## EXERCISE INSTRUCTIONS
Below is a listing; repeat exactly the lines from the one containing "Gimnasio Musical Fisher-Price" to the one containing "Rkrr Kaminex Kn med sotlucka 45", both included.

## EXTRACTED RECORDS
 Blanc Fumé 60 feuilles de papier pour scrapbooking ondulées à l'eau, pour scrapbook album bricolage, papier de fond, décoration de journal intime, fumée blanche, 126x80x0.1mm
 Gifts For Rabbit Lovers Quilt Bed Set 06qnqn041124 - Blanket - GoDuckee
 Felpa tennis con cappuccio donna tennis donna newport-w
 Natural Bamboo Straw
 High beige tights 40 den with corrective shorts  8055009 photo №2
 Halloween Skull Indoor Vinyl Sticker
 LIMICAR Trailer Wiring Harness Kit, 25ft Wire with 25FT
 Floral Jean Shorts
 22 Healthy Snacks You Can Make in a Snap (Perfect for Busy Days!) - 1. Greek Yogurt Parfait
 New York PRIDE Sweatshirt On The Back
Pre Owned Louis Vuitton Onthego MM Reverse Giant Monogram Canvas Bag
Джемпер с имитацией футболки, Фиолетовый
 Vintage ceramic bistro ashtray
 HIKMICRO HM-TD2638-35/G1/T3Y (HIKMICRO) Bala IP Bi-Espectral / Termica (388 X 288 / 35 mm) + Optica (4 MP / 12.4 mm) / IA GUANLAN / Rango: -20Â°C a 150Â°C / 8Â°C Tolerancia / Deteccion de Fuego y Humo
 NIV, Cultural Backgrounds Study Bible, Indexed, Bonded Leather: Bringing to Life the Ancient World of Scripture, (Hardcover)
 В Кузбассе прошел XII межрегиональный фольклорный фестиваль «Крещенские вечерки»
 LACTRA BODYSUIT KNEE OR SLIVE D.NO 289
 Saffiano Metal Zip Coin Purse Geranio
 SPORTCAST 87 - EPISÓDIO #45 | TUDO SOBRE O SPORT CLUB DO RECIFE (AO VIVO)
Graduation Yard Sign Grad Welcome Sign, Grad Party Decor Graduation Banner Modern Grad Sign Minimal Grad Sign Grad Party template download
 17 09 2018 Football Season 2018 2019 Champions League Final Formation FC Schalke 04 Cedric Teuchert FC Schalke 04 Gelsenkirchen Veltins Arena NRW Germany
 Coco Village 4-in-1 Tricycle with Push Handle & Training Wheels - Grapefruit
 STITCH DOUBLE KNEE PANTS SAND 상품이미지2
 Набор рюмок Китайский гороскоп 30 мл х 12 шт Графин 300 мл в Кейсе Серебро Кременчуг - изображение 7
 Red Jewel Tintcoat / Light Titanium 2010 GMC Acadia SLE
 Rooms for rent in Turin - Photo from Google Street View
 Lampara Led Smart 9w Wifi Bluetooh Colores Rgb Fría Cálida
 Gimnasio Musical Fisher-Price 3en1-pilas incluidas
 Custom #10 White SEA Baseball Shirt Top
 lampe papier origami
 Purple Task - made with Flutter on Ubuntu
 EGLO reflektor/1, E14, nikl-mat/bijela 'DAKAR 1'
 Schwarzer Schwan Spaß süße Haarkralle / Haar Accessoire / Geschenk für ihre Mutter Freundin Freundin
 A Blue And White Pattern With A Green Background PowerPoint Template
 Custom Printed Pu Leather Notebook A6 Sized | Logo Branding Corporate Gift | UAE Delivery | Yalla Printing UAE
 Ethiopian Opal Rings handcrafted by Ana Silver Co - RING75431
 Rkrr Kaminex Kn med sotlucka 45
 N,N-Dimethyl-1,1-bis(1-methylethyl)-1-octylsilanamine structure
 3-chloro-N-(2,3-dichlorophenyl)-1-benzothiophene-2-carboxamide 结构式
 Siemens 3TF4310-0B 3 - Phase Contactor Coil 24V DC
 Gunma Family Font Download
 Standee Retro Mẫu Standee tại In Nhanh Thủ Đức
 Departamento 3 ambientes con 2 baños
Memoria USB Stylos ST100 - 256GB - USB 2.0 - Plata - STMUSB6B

## WRITTEN ANSWER
 Gimnasio Musical Fisher-Price 3en1-pilas incluidas
 Custom #10 White SEA Baseball Shirt Top
 lampe papier origami
 Purple Task - made with Flutter on Ubuntu
 EGLO reflektor/1, E14, nikl-mat/bijela 'DAKAR 1'
 Schwarzer Schwan Spaß süße Haarkralle / Haar Accessoire / Geschenk für ihre Mutter Freundin Freundin
 A Blue And White Pattern With A Green Background PowerPoint Template
 Custom Printed Pu Leather Notebook A6 Sized | Logo Branding Corporate Gift | UAE Delivery | Yalla Printing UAE
 Ethiopian Opal Rings handcrafted by Ana Silver Co - RING75431
 Rkrr Kaminex Kn med sotlucka 45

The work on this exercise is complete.